6900 Nubbin Ridge Drive Knoxville TN 37919 (865) 588 - 8581
May 26, 2026
Message
The Wild Breath of God
Acts 2:1-4 and John 3:8
On the Church calendar, today is Pentecost Sunday and our Scripture for the day, recorded in the Book of Acts, describes the outpouring of the Holy Spirit on Jesus’ disciples, an event that many theologians consider the “birthday of the Church”. It takes place in Jerusalem, where about one-hundred-and-twenty followers of Jesus had gathered following His ascension ten days earlier. Right before He returned to heaven, Jesus directed His disciples to stay in Jerusalem and wait for the Promise of the Father [Acts 1:4] or the coming of the Holy Spirit. Because Pentecost was one of the three required Jewish pilgrimage feasts, devout Jews from all over the Roman Empire filled Jerusalem that day, providing a diverse audience for the subsequent miracle of tongues. The inclusion of diverse languages signaled that God intended the Gospel to be for all nations, not just for the Jewish people. The primary purpose of this event was for the Holy Spirit to equip followers of Jesus with power to become witnesses for the risen Christ “‘. . . in Jerusalem, and in all Judea and Samaria, and to the end of the earth.’” [Acts 1:8, NKJV]
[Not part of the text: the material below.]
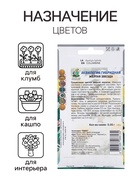 Семена цветов Аквилегия гибридная Желтая звезда, 0,05гр 10849803 - фото 16450744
I want us to focus on the reality that the Holy Spirit is an active, uncontainable power that, for followers of Jesus, transforms both fear into courage and division into unity. Recognizing this truth can help us move from a tame, timid faith to a daring, Spirit-led life. Many people view the Holy Spirit as they do a domestic housecat—aloof, but always somewhere nearby. Yet, on the first post-resurrection Day of Pentecost, the Spirit did not come gently rubbing up against the disciples’ legs. Instead, He suddenly arrived as “. . . a mighty rushing wind, . . .” [Acts 2:2, NKJV] Many of us live our spiritual lives as if we are in a rowboat; we work hard, we strain our muscles from time-to-time, and we determine the direction by our own strength, but living with the Wild Breath of God within us is like being in a sailboat. We do not provide the power; we simply hoist the sail. In other words, we do not control the Wind, we respond to it. Sometimes it takes us where we did not plan to go, but it always takes us much further than our own strength ever could. Pentecost is not just a historical event to for us to celebrate annually; it is a divine enablement for today.
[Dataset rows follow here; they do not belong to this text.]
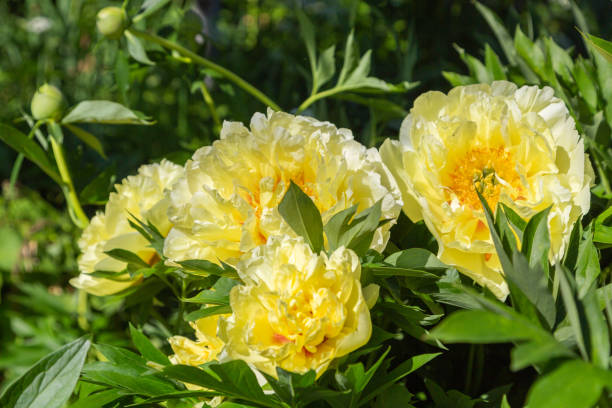 istock Yellow Peony Hybrid 
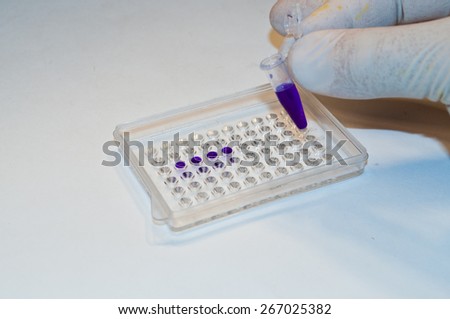 In biological research laboratories. The wells and printed samples of the investigated material.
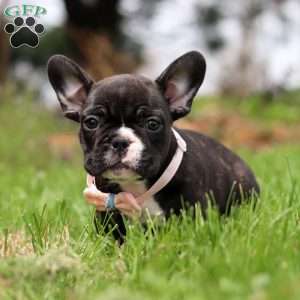 Melody, French Bulldog Puppy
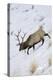 Rocky Mountain Bull Elk, Winter-Ken Archer-Premier Image Canvas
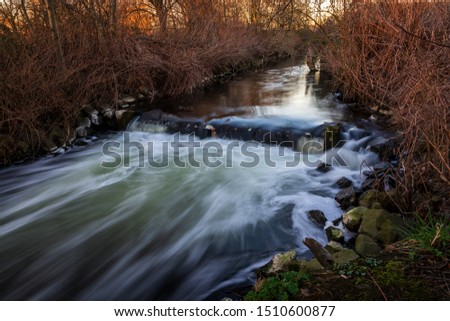 River in the woods in autumn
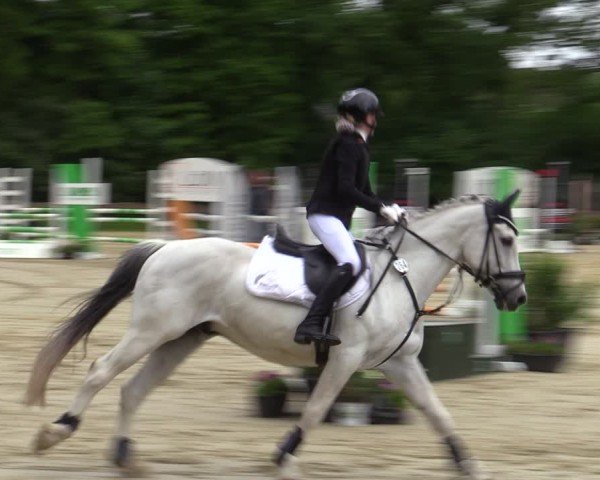 Reitturnier Wesel-Obrighoven 2025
Imagine the followers of Jesus in Jerusalem that day. They were waiting, per Jesus’ instruction, but they did not know exactly for what or whom they were waiting. The parents of my best friend in high school had a minor bird. That bird constantly whistled and shouted, interrupting every conversation that took place in that house. Many people view the Holy Spirit as a docile dove—quiet, hidden, and predictable—but Pentecost shows us a Spirit more like a loud, disruptive minor bird. When the Wild Breath of God blew through that upper room, the first thing He did was break down walls as the disciples began to speak in languages they had neither learned nor spoken before, allowing people from every nation to hear about the mighty works of God in their own tongue. They did not speak in some undecipherable, secret prayer language, as mentioned in the Apostle Paul’s first letter to the Corinthian Church, but in various languages known by the people-groups throughout the Roman Empire. In other words, the Holy Spirit made it possible for everyone to hear the Gospel.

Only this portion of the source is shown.